# LS123: Large N and Hypothesis Testing

This lab will cover the basics of statistical sampling, the law of averages, and hypothesis testing. You should gain an intuition around how samples relate to populations, and the basics of statistical inference in the social sciences.

In [None]:
from collections import Counter
import numpy as np
import pandas as pd
from scipy import stats
%matplotlib inline
import matplotlib.pyplot as plot
plot.style.use('fivethirtyeight')

## Data

We'll continue using the ANES data for this lab!

In [None]:
anes = pd.read_csv('../data/anes/ANES_legalst123_cleaned.csv')
anes.head()

## Empirical Distributions

### Data Manipulation and Plotting Review

Let's look at how liberal respondents characterized themselves as post-election. Write code that saves the "post_liberal_rating" column in the ANES data to a Series variable. Keep in mind that valid answers have domain [0,100] so be sure to subset to only those values.

Plot a histogram of the data:

### Question 1

What patterns do you notice? Where is the center of the distribution? What does this suggest about how Americans tend to self-identify?

Answer:

### Law of Averages

Write a function, "empirical_hist_anes" that takes a Series and a sample size as its argument, and then draws a histogram based on the results. Consult Adhikari and DeNero for help!

In [None]:
def empirical_hist_anes(series, n):
    ...

Check how many rows are in the table with the "size" method, and then use your self-defined function to plot histograms taking sample sizes 10, 100, 1000, and the total number of rows.

### Question 2

What happens to the histograms (compared to the original in Q1) as you increase the sample size? How does this relate to the Law of Averages? What is the relationship between sample size and population parameter estimation?

## Hypothesis Testing

In this section, we'll cover the basic tools for hypothesis testing. 

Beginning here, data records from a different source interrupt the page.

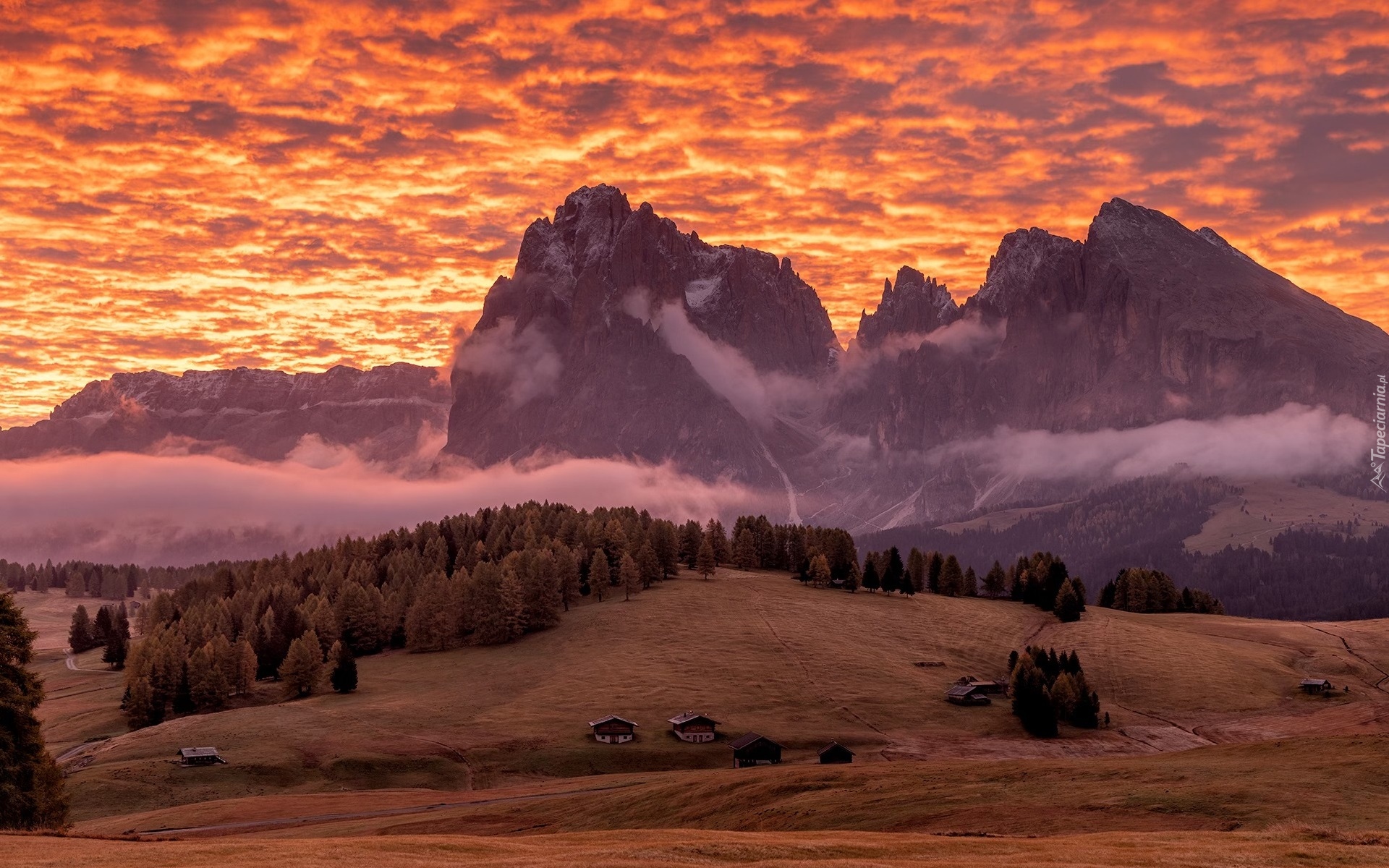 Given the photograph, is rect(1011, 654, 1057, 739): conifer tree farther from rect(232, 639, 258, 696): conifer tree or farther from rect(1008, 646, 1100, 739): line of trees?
rect(232, 639, 258, 696): conifer tree

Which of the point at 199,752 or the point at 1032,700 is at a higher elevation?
the point at 1032,700

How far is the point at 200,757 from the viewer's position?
11731 cm

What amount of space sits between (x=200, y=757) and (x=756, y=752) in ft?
187

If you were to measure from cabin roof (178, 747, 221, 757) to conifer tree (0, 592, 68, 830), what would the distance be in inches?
1847

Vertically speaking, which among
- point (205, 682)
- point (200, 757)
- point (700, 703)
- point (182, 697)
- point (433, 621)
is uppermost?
point (433, 621)

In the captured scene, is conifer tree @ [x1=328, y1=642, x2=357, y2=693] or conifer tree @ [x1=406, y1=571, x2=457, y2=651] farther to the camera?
conifer tree @ [x1=406, y1=571, x2=457, y2=651]

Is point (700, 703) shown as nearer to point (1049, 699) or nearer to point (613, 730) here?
point (613, 730)

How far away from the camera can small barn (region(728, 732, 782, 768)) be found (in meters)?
118

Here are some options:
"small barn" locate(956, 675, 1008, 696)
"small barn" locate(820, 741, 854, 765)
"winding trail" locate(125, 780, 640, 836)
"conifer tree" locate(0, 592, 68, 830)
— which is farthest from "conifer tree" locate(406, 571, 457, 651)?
"conifer tree" locate(0, 592, 68, 830)

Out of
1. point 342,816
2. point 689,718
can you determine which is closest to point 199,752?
point 342,816

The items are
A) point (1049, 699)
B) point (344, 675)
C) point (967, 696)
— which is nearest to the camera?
point (1049, 699)

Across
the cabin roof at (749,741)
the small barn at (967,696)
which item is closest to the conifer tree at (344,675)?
the cabin roof at (749,741)

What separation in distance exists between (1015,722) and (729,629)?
53.8m

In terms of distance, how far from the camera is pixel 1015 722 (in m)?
140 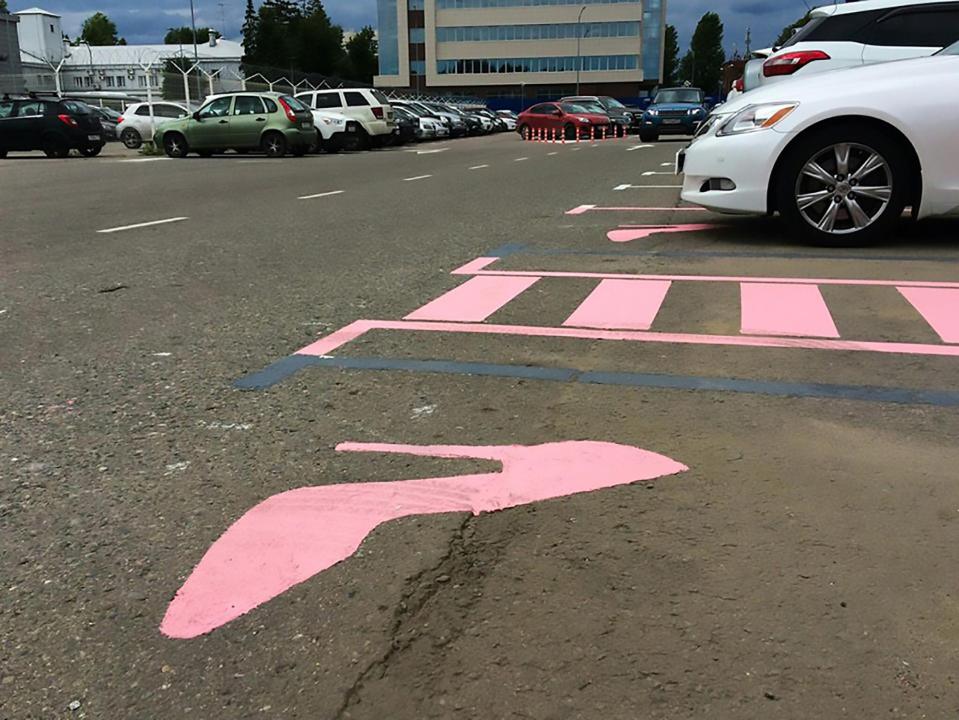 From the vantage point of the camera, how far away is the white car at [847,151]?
6691mm

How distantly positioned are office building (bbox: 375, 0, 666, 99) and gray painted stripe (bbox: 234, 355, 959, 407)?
112m

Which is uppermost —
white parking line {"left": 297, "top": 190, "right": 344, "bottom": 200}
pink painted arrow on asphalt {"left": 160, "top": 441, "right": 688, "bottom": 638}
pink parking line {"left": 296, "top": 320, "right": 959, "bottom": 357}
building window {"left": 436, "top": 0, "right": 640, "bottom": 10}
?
building window {"left": 436, "top": 0, "right": 640, "bottom": 10}

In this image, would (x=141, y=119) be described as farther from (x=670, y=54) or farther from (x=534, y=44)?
(x=670, y=54)

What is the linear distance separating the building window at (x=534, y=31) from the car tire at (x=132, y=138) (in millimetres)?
86244

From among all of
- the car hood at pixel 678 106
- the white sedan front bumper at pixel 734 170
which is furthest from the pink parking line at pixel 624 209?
the car hood at pixel 678 106

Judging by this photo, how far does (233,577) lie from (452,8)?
118 m

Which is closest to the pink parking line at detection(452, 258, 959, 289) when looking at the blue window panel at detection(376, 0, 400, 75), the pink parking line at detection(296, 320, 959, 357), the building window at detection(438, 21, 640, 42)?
the pink parking line at detection(296, 320, 959, 357)

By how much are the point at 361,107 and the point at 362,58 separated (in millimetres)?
130270

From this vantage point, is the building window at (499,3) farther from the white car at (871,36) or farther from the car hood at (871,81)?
the car hood at (871,81)

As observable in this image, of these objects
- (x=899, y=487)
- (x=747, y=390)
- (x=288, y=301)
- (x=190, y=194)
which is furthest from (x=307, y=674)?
(x=190, y=194)

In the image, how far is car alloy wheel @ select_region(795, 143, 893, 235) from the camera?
6.85 meters

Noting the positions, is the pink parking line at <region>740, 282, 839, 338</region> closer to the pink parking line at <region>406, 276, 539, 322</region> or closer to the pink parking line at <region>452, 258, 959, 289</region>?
the pink parking line at <region>452, 258, 959, 289</region>

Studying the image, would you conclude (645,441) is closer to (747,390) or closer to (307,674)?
(747,390)

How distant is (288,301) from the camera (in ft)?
18.7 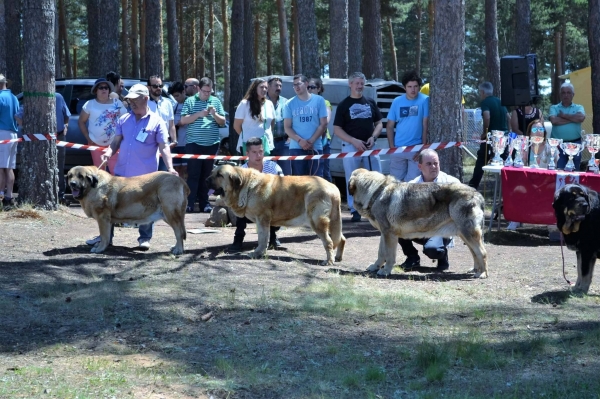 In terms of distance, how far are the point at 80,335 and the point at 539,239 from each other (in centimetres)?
715

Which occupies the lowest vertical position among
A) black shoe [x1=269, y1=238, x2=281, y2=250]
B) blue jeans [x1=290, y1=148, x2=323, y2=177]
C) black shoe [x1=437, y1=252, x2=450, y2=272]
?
black shoe [x1=437, y1=252, x2=450, y2=272]

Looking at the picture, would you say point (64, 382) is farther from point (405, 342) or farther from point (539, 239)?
point (539, 239)

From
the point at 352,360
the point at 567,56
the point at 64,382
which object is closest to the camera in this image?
the point at 64,382

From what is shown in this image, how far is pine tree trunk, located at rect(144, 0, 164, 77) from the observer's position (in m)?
23.0

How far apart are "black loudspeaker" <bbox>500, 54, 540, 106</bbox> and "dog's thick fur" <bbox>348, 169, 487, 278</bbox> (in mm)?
5318

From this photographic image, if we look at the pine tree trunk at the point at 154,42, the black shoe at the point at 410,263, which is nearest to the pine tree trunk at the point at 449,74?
the black shoe at the point at 410,263

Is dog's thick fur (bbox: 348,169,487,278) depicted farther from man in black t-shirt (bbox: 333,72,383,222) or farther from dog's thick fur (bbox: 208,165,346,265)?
man in black t-shirt (bbox: 333,72,383,222)

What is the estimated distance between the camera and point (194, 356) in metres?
5.54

The goal in conducting a hypothesis test is to answer the question, "Was it likely to observe my test statistic due to chance?" We say something is statistically significant if it is sufficiently far enough away from the center of an empirical distribution, and therefore unlikely to have occurred just by chance.

The basic way to frame a hypothesis test is as follows:

1. Define a null $(H_O)$ and alternative $(H_A)$ hypothesis. The null hypothesis is usually framed as "no statistical relationship between the observed data and the background distribution" and the alternative hypothesis is the opposite. More concretely, the null is our default position, and assumes that the observed statistic likely came from the background distribution.

2. Calculate a test statistic (for example, t-test, $\chi^2$, etc.)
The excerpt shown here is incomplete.